Never in our history have we had a greater capacity to connect with others. So why are rates of depression and feelings of loneliness more prevalent than ever for teens?
Adolescents and young adults continue to push for the elusive goal of perfection in all areas of their lives. When it comes to love, perhaps it is unsurprising that young adults and teens are striving for perfection in this area too. This demographic tends to overemphasize the importance of appearing romantic, and remain steadfastly idealistic (94% of this population continue to believe blindly in the unachievable perfection of an “ideal” love.) Even though many teenagers maintain a fairy-tale view of what love should be, they seem to have difficulty not only finding “true love,” but also sustaining it.
Adolescents' tendencies to hyper focus on appearance are now being further exacerbated by a reliance on social media. This reminded me of the powerful allegory—Plato’s parable of the cave (Republic, Book VII, 514a – 520a). Unfamiliar with it? Watch a quick TED video on it here or simply read on for a simplified and succinct rendition.
Parable of the cave: There are three prisoners who have been chained up in a dark cave for their whole lives and can only see what is in front of them. Shadows are projected in their field of vision, which are all they can see. They assume that the shadows are reality. One prisoner is released and is able to turn around and see the cave from all directions (including the light source of the shadows). He is then led outside into the sunlight. Initially, the new concept of reality is shocking and difficult to adjust to. Struggling, he is tempted to gravitate towards the shadows and what is familiar. As he becomes more accustomed to the light, he begins to accommodate the other information and take in the larger reality, power, and beauty of the world around him. Upon returning to the cave to tell his friends about the reality he has discovered, he finds the refuse to believe him.
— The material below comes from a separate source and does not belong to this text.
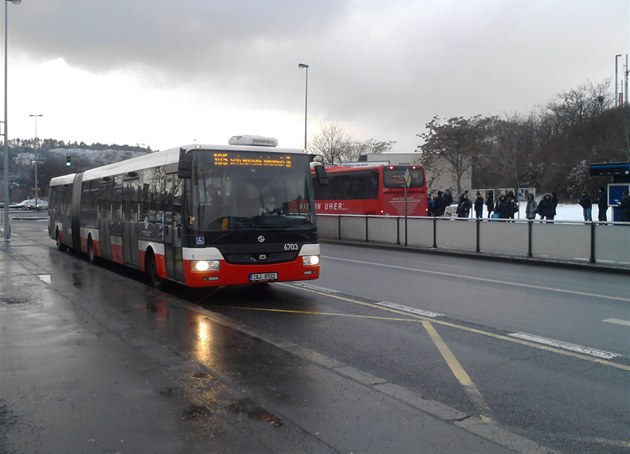 Nízkopodlaních autobus na lince 125 pojede mén.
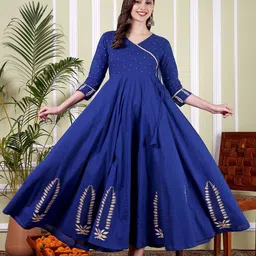 TARANJAL Floral Printed Angrakha V-Neck Cotton Anarkali Kurta-image-2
Despite being written in 540 BC, the parable of the cave is quite relevant when thinking about social media. The story reminds us how often we are trapped by the immediacy and superficiality of the projections or shadows of social media. The cave represents our withdrawal from the real world and our entrapment by social media. The prisoner's chains represent the ignorance we choose to maintain by blindly believing in the un-truths we see online. Finally the shadows represent the illusions of “perfection,” and for our discussion, those of “perfect” relationships.
Adolescents and young adults today are a generation obsessed with both perfection and appearing authentic, and yet many haven't lived beyond the cave of social media and continue to fruitlessly chase a hollow reality of shadows. To be fair, the quest for perfection is so alluring and powerful, it's also difficult for adults to separate the shadows from reality. As parents, we can work harder to lead by example.
So here are three helpful tips that can be employed to help your teen see beyond the shadows when it comes to romantic relationships.
1. Stop hiding behind the shadows. Spend less time curating your relationship on social media.
Choose to have more real-time interactions and spend less time interacting through technology. Often teens depend on social media when they want to connect since it offers them an immediate way to receive feedback. Keep in mind that connecting within the shadows of social media can provide a false sense of intimacy. Instead, take the time to connect via voice-call or have in-vivo social interactions. Though it isn't as easy or convenient, this type of connecting can be more rewarding, enriching, and meaningful.
2. Turn to face the light. Step away from the cave and into the light. Find your truth and surround yourself with similar people.
Do the hard work and strive to find the best you, the real you, not the curated you. This is not to be confused with being self-centered and without concern for others. Relationships require teamwork and honesty. The truth can be harsh and at times difficult to tolerate. When in a relationship, accommodate your partners feelings and be sure to use your "edit button" (he or she might still be in the cave). Soften certain blows and always come from a place of kindness and support.
In an unhealthy relationship, the focus is instead placed on ones own personal satisfaction, which is not only narcissistic and egotistical, but also makes it impossible for a healthy relationship to flourish. Make sure to pay attention not only to your needs but to those of your partner as well. You both play a central role in your relationship and need to compromise regularly to maintain a healthy balance.
3. Let go of the shadow. Embrace imperfection.
In order to build a healthy and sustainable relationship you need break free from the chains of ignorance and learn to embrace imperfection. Sometimes a relationship is not going to be romantic or perfect, your partner will make mistakes, as will you... and that is ok!
Remember, perfection is an illusion and a powerful obstacle to your sustainable, meaningful, and happy relationship—and isn't that what we are all looking for?